A verbatim reprint of the records below is what this exercise asks for.

[MATERIAL SUPPLIED Boundary: Start]

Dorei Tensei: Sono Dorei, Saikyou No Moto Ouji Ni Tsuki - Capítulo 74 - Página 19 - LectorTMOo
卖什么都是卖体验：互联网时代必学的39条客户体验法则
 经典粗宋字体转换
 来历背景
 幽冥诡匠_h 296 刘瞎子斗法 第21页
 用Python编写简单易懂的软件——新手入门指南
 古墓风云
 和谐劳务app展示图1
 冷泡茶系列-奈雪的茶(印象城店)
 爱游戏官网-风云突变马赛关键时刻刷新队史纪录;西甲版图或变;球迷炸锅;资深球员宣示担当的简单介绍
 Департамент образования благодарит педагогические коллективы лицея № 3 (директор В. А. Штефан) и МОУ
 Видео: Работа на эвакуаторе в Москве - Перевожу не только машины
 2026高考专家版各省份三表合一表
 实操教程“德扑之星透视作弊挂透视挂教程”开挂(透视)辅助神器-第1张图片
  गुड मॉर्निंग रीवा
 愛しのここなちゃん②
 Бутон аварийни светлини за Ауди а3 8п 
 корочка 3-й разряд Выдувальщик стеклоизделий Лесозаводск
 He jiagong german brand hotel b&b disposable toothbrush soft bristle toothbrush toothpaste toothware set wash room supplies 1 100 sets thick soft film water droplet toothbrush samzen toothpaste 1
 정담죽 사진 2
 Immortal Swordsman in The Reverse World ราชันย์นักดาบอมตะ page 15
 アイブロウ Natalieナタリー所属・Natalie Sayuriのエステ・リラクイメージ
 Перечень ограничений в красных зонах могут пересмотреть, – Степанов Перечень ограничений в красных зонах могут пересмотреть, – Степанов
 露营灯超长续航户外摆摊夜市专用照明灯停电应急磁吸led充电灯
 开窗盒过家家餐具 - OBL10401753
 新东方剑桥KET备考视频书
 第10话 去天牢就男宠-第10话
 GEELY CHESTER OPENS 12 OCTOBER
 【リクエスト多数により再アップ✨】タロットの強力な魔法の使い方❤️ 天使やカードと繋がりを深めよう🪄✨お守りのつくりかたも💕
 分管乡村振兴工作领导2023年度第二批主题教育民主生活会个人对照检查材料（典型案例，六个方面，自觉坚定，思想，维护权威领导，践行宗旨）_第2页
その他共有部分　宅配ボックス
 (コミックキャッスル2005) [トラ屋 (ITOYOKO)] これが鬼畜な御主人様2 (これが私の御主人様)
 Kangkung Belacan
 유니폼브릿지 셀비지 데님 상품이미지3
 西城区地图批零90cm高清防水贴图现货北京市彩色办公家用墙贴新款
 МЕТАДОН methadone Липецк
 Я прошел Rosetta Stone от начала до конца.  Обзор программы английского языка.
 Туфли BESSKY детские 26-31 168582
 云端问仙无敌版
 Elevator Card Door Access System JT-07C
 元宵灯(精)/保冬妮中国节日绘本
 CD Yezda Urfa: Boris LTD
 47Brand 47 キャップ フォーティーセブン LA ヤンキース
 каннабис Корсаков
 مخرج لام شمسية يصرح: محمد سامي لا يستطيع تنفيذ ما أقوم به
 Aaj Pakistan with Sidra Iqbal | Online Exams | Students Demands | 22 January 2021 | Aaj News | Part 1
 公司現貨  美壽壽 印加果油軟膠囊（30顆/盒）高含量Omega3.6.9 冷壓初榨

[MATERIAL SUPPLIED Boundary: End]

TASK SOLUTION:
Dorei Tensei: Sono Dorei, Saikyou No Moto Ouji Ni Tsuki - Capítulo 74 - Página 19 - LectorTMOo
卖什么都是卖体验：互联网时代必学的39条客户体验法则
 经典粗宋字体转换
 来历背景
 幽冥诡匠_h 296 刘瞎子斗法 第21页
 用Python编写简单易懂的软件——新手入门指南
 古墓风云
 和谐劳务app展示图1
 冷泡茶系列-奈雪的茶(印象城店)
 爱游戏官网-风云突变马赛关键时刻刷新队史纪录;西甲版图或变;球迷炸锅;资深球员宣示担当的简单介绍
 Департамент образования благодарит педагогические коллективы лицея № 3 (директор В. А. Штефан) и МОУ
 Видео: Работа на эвакуаторе в Москве - Перевожу не только машины
 2026高考专家版各省份三表合一表
 实操教程“德扑之星透视作弊挂透视挂教程”开挂(透视)辅助神器-第1张图片
  गुड मॉर्निंग रीवा
 愛しのここなちゃん②
 Бутон аварийни светлини за Ауди а3 8п 
 корочка 3-й разряд Выдувальщик стеклоизделий Лесозаводск
 He jiagong german brand hotel b&b disposable toothbrush soft bristle toothbrush toothpaste toothware set wash room supplies 1 100 sets thick soft film water droplet toothbrush samzen toothpaste 1
 정담죽 사진 2
 Immortal Swordsman in The Reverse World ราชันย์นักดาบอมตะ page 15
 アイブロウ Natalieナタリー所属・Natalie Sayuriのエステ・リラクイメージ
 Перечень ограничений в красных зонах могут пересмотреть, – Степанов Перечень ограничений в красных зонах могут пересмотреть, – Степанов
 露营灯超长续航户外摆摊夜市专用照明灯停电应急磁吸led充电灯
 开窗盒过家家餐具 - OBL10401753
 新东方剑桥KET备考视频书
 第10话 去天牢就男宠-第10话
 GEELY CHESTER OPENS 12 OCTOBER
 【リクエスト多数により再アップ✨】タロットの強力な魔法の使い方❤️ 天使やカードと繋がりを深めよう🪄✨お守りのつくりかたも💕
 分管乡村振兴工作领导2023年度第二批主题教育民主生活会个人对照检查材料（典型案例，六个方面，自觉坚定，思想，维护权威领导，践行宗旨）_第2页
その他共有部分　宅配ボックス
 (コミックキャッスル2005) [トラ屋 (ITOYOKO)] これが鬼畜な御主人様2 (これが私の御主人様)
 Kangkung Belacan
 유니폼브릿지 셀비지 데님 상품이미지3
 西城区地图批零90cm高清防水贴图现货北京市彩色办公家用墙贴新款
 МЕТАДОН methadone Липецк
 Я прошел Rosetta Stone от начала до конца.  Обзор программы английского языка.
 Туфли BESSKY детские 26-31 168582
 云端问仙无敌版
 Elevator Card Door Access System JT-07C
 元宵灯(精)/保冬妮中国节日绘本
 CD Yezda Urfa: Boris LTD
 47Brand 47 キャップ フォーティーセブン LA ヤンキース
 каннабис Корсаков
 مخرج لام شمسية يصرح: محمد سامي لا يستطيع تنفيذ ما أقوم به
 Aaj Pakistan with Sidra Iqbal | Online Exams | Students Demands | 22 January 2021 | Aaj News | Part 1
 公司現貨  美壽壽 印加果油軟膠囊（30顆/盒）高含量Omega3.6.9 冷壓初榨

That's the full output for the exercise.